Royal Weddings, Eschatology, and the Arts

So, I am a cynic and I wasn’t really interested in watching Price William and Kate tie the knot yesterday. And, I darn sure didn’t care to withstand news coverage from America’s wonderful (sarcasm) 24 hour news teams (I did watch a little of the after reporting later in the day). But, I want to resist, for a second, the criticism that the time was wasted covering the wedding when there are more important things going on in the world. Of course this criticism makes sense; the US is involved in three wars, world leaders are making important decisions regarding the world economy, the earthquake in Japan, tornadoes in the southeast, and the US budget.  And of course, the news media covered the event like gossiping vultures (interested in why certain family members were or weren’t there, the shame the prince Charles has put on the family), the event featured just a little British nationalism, and yes Williams and Kate (no matter how faithful they are) are bound to disappoint us in the future in  some way.

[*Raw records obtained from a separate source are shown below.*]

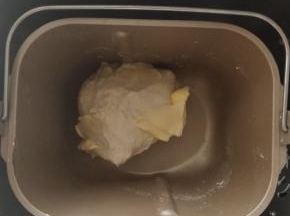 揉成团后放入黄油继续揉。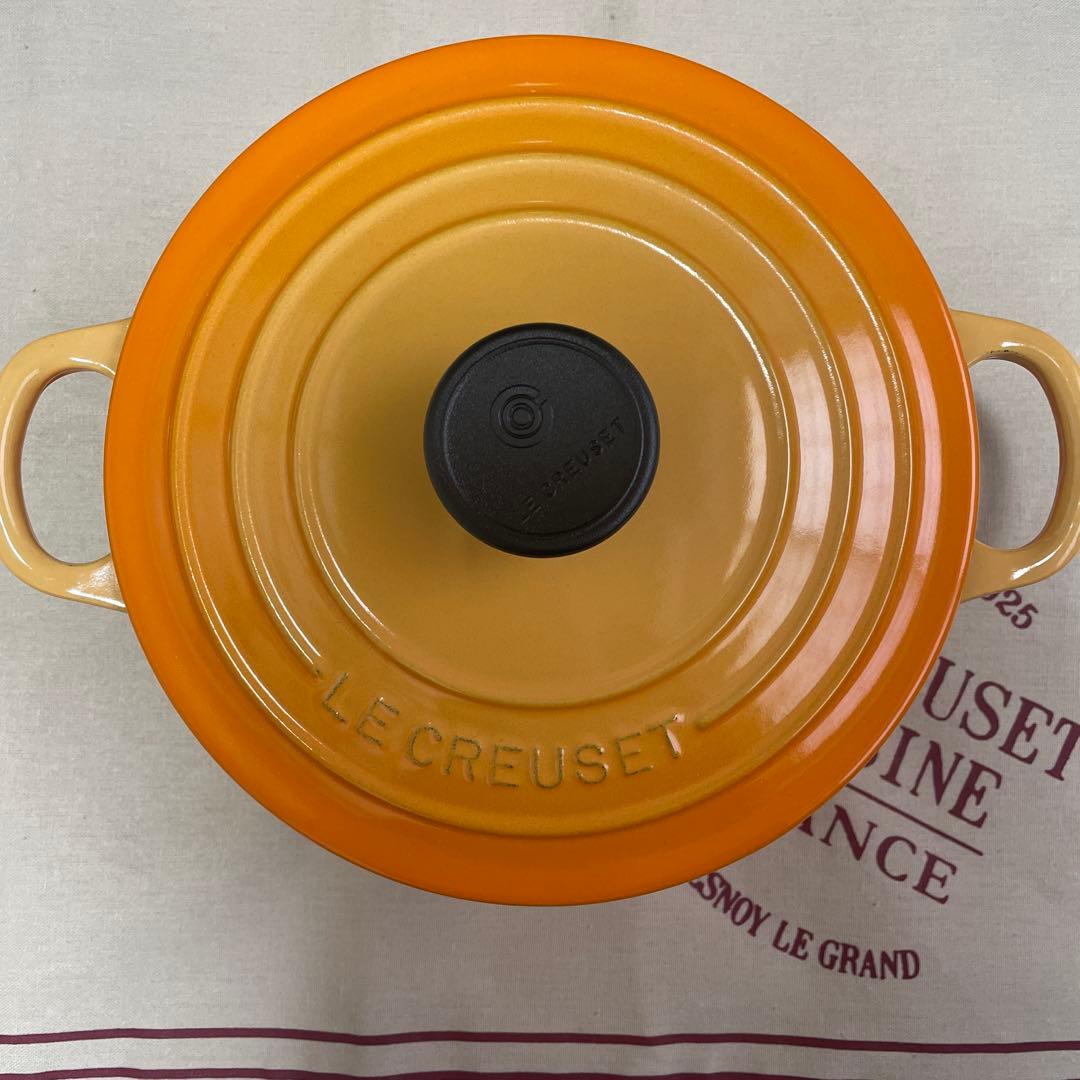 《美品》ルクルーゼ　ココットロンド　18cm オレンジブロッサム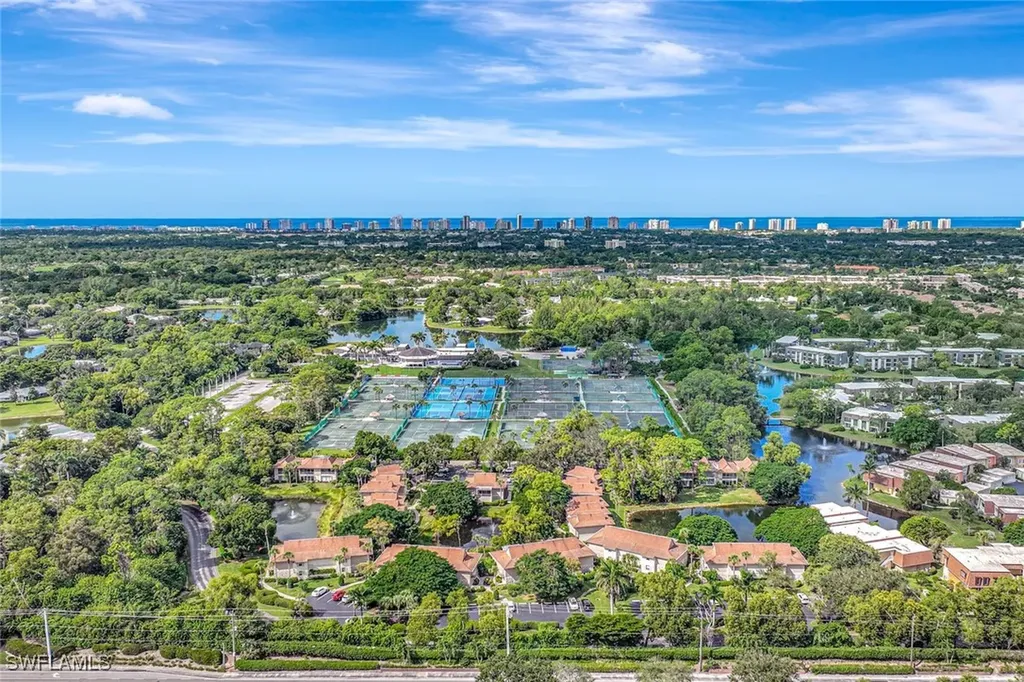 15 Bob O Link Court Naples FL 34105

But, I want to suggest that there is something about a royal wedding that is desperately needed in the world today. We are a society that values utility and information. What is important to us is stuff that can help us solve problems. We want to be doing stuff. For us Americans, a royal family, specifically a British royal family with no political power, seems like either a waste of time or a matter for trivial gossip. But we must pause to remember that a wedding is the consummation and celebration of the commitment of two people to give their lives for one another which will literally and figuratively bring new life into their communities, with God’s help. A marriage is a powerful metaphor that the authors of the New Testament use to describe the relationship between Christ and the church (Luke 14:7-11; Eph 5:22-33; Revelation 19:6-10). We, who are Christians, need such images and reminders in order to confront the evil and pain in the world. We need the eschatological vision that a grand wedding provides (even if it is always like looking through a glass dimly) in order to see to world differently to bring new restorative light into the darkness.

Until recently, I have never really thought about the arts in a theological perspective. A month ago, I had the opportunity to attend a presentation by painter Makoto Fujimura at Duke Divinity. He used story of Mary’s anointing of Jesus and Judas’ reaction to discussion the relationship of the church and the arts (John 12:1-8). Mary’s wasteful use of expensive perfume is decried by Judas. His criticism makes sense. The perfume was money and it could have been used to feed the poor. But, Jesus thinks differently. He sees that Mary has provided a creative and truthful image about God’s lavish love for the world that is revealed in Christ’s death; she has done a beautiful thing (Mark 14:7). “What Judas doesn’t realize,” Fujimura explained, “is that it is the artists who are with the poor.” He closed his presentation by asking, if the image of the final consummation of God’s kingdom is a wedding, who are the wedding planners? Who are the artists, decorators, cooks, fashion designers, and musicians who can provide the world with images of God’s love and restoration? Who can provide an eschatological vision that helps us participate in God’s restoration of God’s creation?

I received a tweet on my newsfeed from a friend on my way to work yesterday that was a quote from the wedding homily yesterday. The Bishop of London stated, “Every wedding is a royal wedding with the bride and groom as king and queen of creation, making a new life together so that life can flow through them into the future.” What a great thing to be said to a world that was watching celebrities?